For the tube bundle, determine the flow areas and heat transfer areas.
Af=Nt*(π*Di2/4)/Np, tube side flow area, ft2
Ao=Nt*π*Do*L, shell side heat transfer area, ft2
Ai=Nt*π*Di*L, tube side heat transfer area, ft2
Aia= Nt*ai*L, tube side heat transfer area for fouling, ft2
ai=actual enhanced tube side area/ft, ft2/ft
B= Ao/ Ai
WhereB2=Ao/ Aia
Nt=number of tubes
Np=number of tube passes
Di=inside tube diameter, ft
Do=outside tube diameter, ft
L=length of tube, ft
There are two equations that apply
Q=Uo*Ao*LMTD
and
Q=mw*cp*( Two -Twi)
Where
Q=Capacity, BTU/ Hr
Uo=Overall Heat Transfer Coefficient, BTU/ (Hr-Ft2-oF)
LMTD=Log Mean Temperature Difference, oF
LMTD=(Two-Twi)/ln((Ts-Twi)/ (Ts-Two))
mw=Mass Flow of water, Lb/Hr
cp=Specific heat of water, BTU/(Lb-oF)
Ts=Refrigerant saturation temperature, oF
Twi=Entering Water Temperature, oF
Two=Leaving Water Temperature, oF
The overall heat transfer coefficient is a function of the refrigerant side coefficient, the tube metal resistance, the water side coefficient and the fouling resistance.
Uo=1/((1/ho')+(B/hi)+(B2*Rf))
Where
ho'=refrigerant side heat transfer coefficient, BTU/(hr-ft2-oF)
Note: The metal wall resistance is commonly included with the refrigerant side heat transfer coefficient. No fouling resistance allowance is needed on the refrigerant side.
hi=water side heat transfer coefficient, BTU/(hr-ft2-oF)

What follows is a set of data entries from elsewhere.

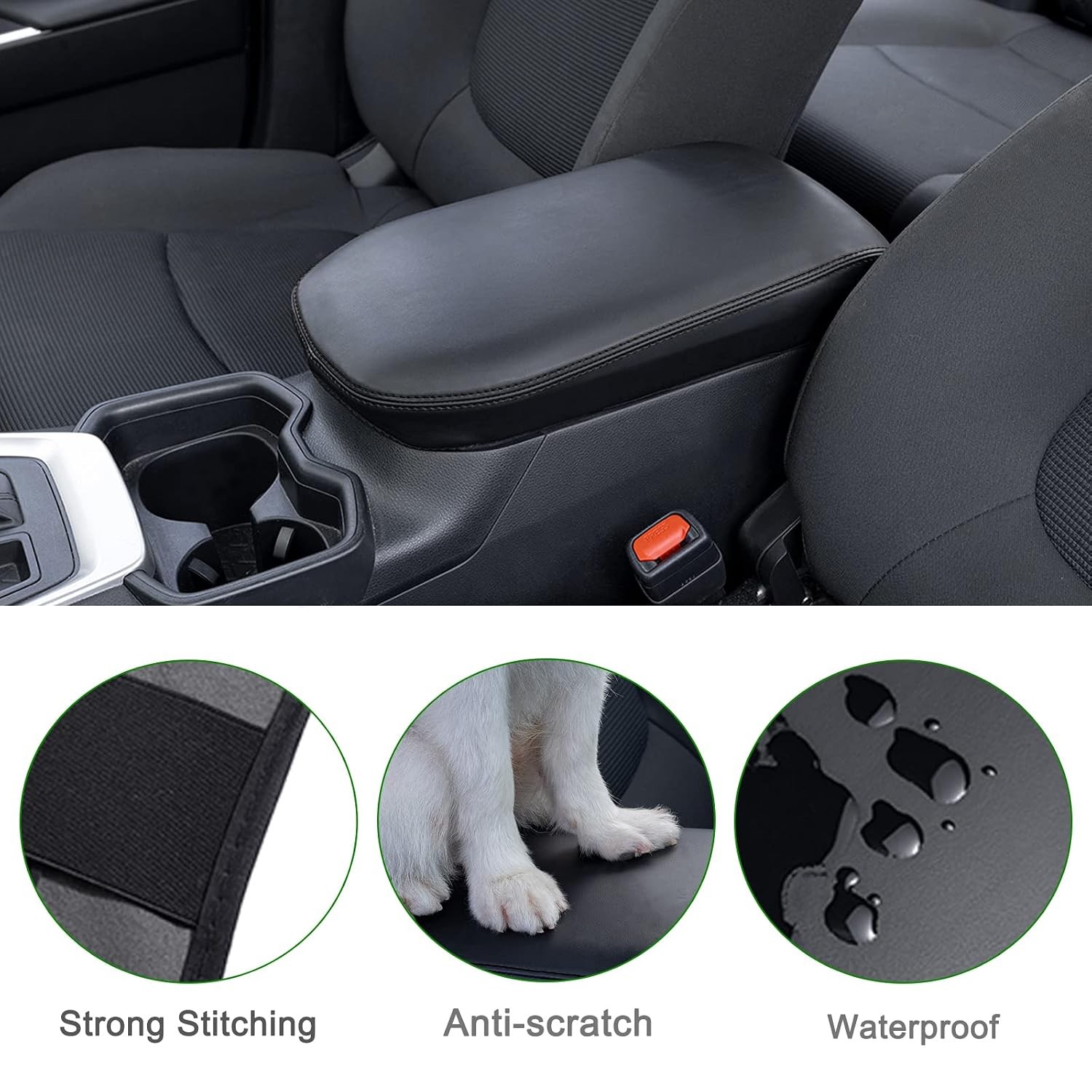 JDMCAR Center Console Armrest Cover for 2025 Toyota RAV4 Accessories 2024 2023 2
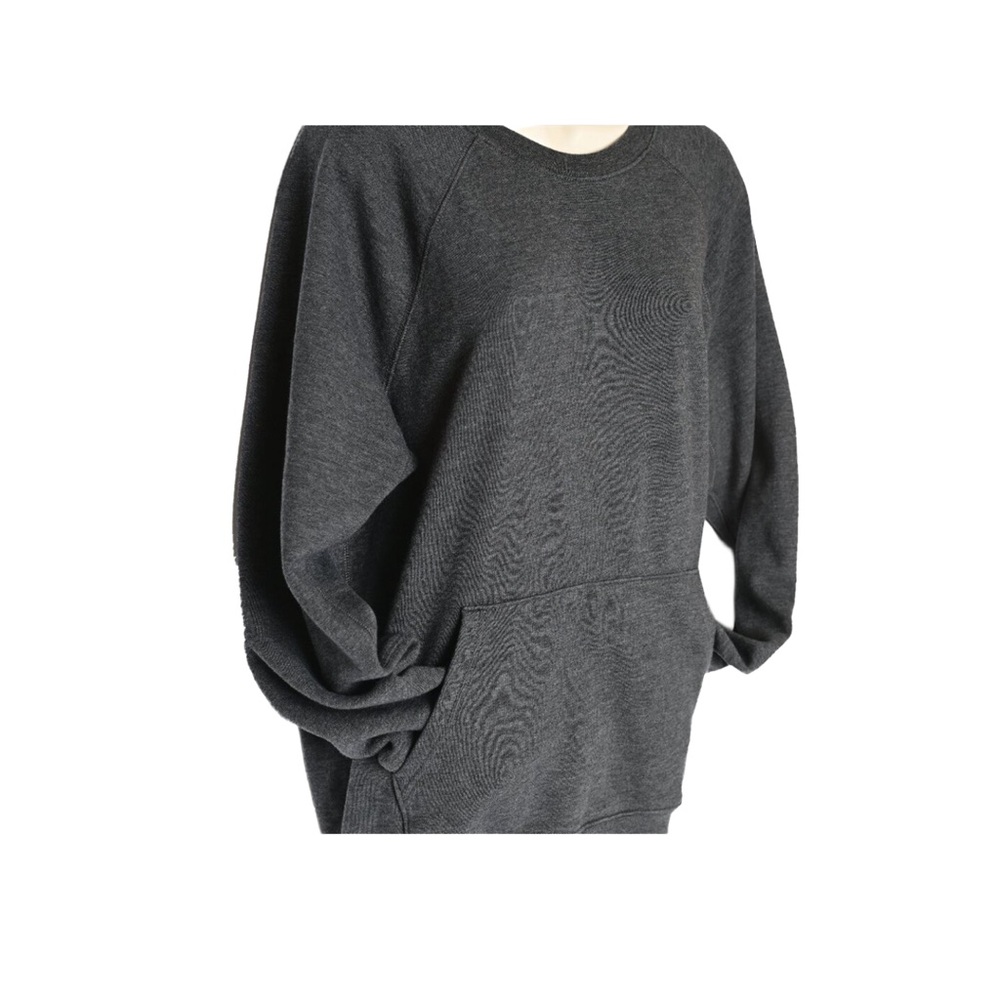 J.CREW Gray Long Sleeve Crew Sweatshirt with Front Pocket Size L - Picture 1 of 12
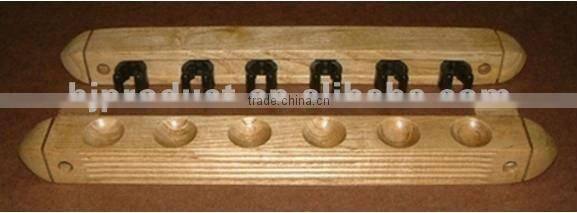 Snooker accessory billiard products Wooden 8 pcs pool cue table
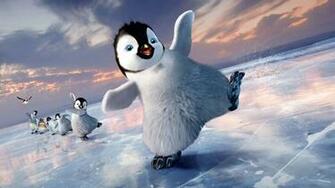 Descargar Happy Feet Patinando HD Naranja Infantil Gris Cine Y Tv Azul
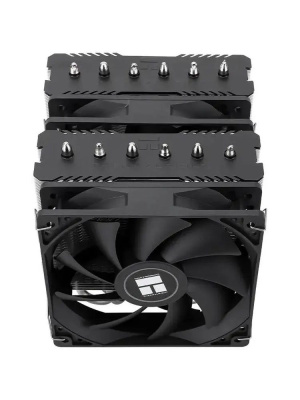 ����� Thermalright Peerless Assassin 120 SE Black LGA115X/1200/1700/AM4/AM5 (Dual Tower, 2x120mm PWM Fan, ������ ���������, 6 ����. ������ 6��) / TRPA120SE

Rf=water side fouling resistance, (hr-ft2-oF)/BTU
A common engineering problem is to determine the refrigerant saturation given the condenser heat rejection, the water flow rate and the entering water temperature. The solution for Ts is as follows:
Using the two equations that determine Q
Uo*Ao*LMTD=mw*cp*(Two-Twi)
Substituting the equation for LMTD
Uo*Ao*( Two-Twi)/ln((Ts-Twi)/ (Ts-Two))=mw*cp*(Two-Twi)
Uo*Ao/ln((Ts-Twi)/ (Ts-Two))=mw*cp
ln((Ts-Twi)/ (Ts-Two))= Uo*Ao/mw*cp
Define
C= Uo*Ao/mw*cp
Then
ln((Ts-Twi)/ (Ts-Two))=C
(Ts-Twi)/ (Ts-Two)=eC
Ts-Twi =eC* Ts - eC * Two
eC * Two- Twi= eC* Ts-Ts
Ts=(eC*Two- Twi)/( eC -1)
Designers can perform these calculations using spreadsheets or computer programs to determine the operating saturation temperature for a given tube bundle in a chiller application, or to size heat exchanger tube bundles to meet the required heat rejection, saturation temperatures and water temperatures.